External Affairs Minister S Jaishankar said it left India-China relationship profoundly disturbed

Reiterating that 30 years of strong relationship based on peace and tranquility was shaken in a single shot, External Affairs Minister S. Jaishankar has said that the Galwan Valley faceoff in June was a very “sharp departure” in India-China ties.

“From the conceptual level down to the behavioral level, there was an entire sort of framework out there. What we saw this year was a departure from this entire series of agreements. The massing of a large amount of Chinese forces on the border was clearly contrary to all of this,” he said during an online discussion organized by the Asia Society.

The External Affairs Minister further said that the Galwan Valley clash on June 15 had a serious public and political impact. It was the first military casualty we had after 1975, he added.

“So what it has done is, it has obviously had a very deep public impact, very major political impact and it has left the relationship profoundly disturbed,” Jaishankar pointed out.

“And when you had friction points which have a large number of troops at different points very close to each other, then something tragic like what happened on the 15th of June happened,” he added.

Since the India-China war of 1962, both countries have tried maintaining diplomatic and economic relationships. After the 2018 Wuhan Summit in China, another took place at the end of the last year in Chennai, India where Chinese President Xi Jinping and Prime Minister Narendra Modi communicated to maintain peace without bureaucratic filters.

“The importance of communicating at a leadership level without all the bureaucratic filters so that you actually know each other and talk to each other. A lot of the discussions were about the future, our prospects, our history,” Jaishankar said.

In response to a question on what did the Chinese actually do on the border and why they did it, Jaishankar said: "I haven't frankly got any reasonable explanation that I can tell myself from them on this matter.”

"There are today a very large number of troops with weapons concentrated on that segment of the border and that is obviously a very critical security challenge that we face," Jaishankar said.

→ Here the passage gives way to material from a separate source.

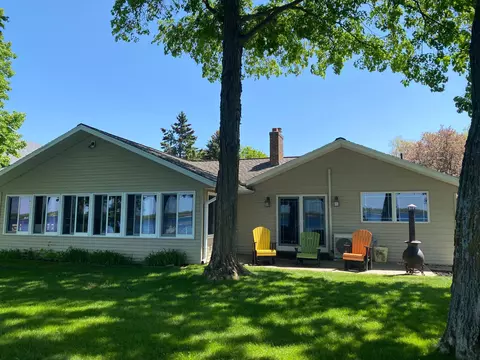 380 Shorewood Dr, Detroit Lakes, MN 56501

“If that underlying peace and tranquillity is disturbed, if the agreements which the two sides signed are not honored, then clearly that is the primary cause of the disruption,” Jaishankar said during the discussion.

He added: “If you disturb the foundation of this relationship, you cannot be impervious to the fact that it will have consequences...that problem...was not created on our side.”

India and China are amid discussions to resolve the border tension. However, maintaining complete peace and tranquility seems a little far-fetched in the current situation.

China’s foreign ministry had on Monday cited India’s infrastructure development and troop deployments as the root causes of tensions. It also said India should refrain from actions that could escalate the situation.

Responding to the Chinese foreign ministry’s allegations, India on Thursday called on China to work for complete disengagement at friction points on the Line of Actual Control (LAC) while rejecting Beijing’s contention that infrastructure development and troop deployments by New Delhi were the root causes of tensions at the border.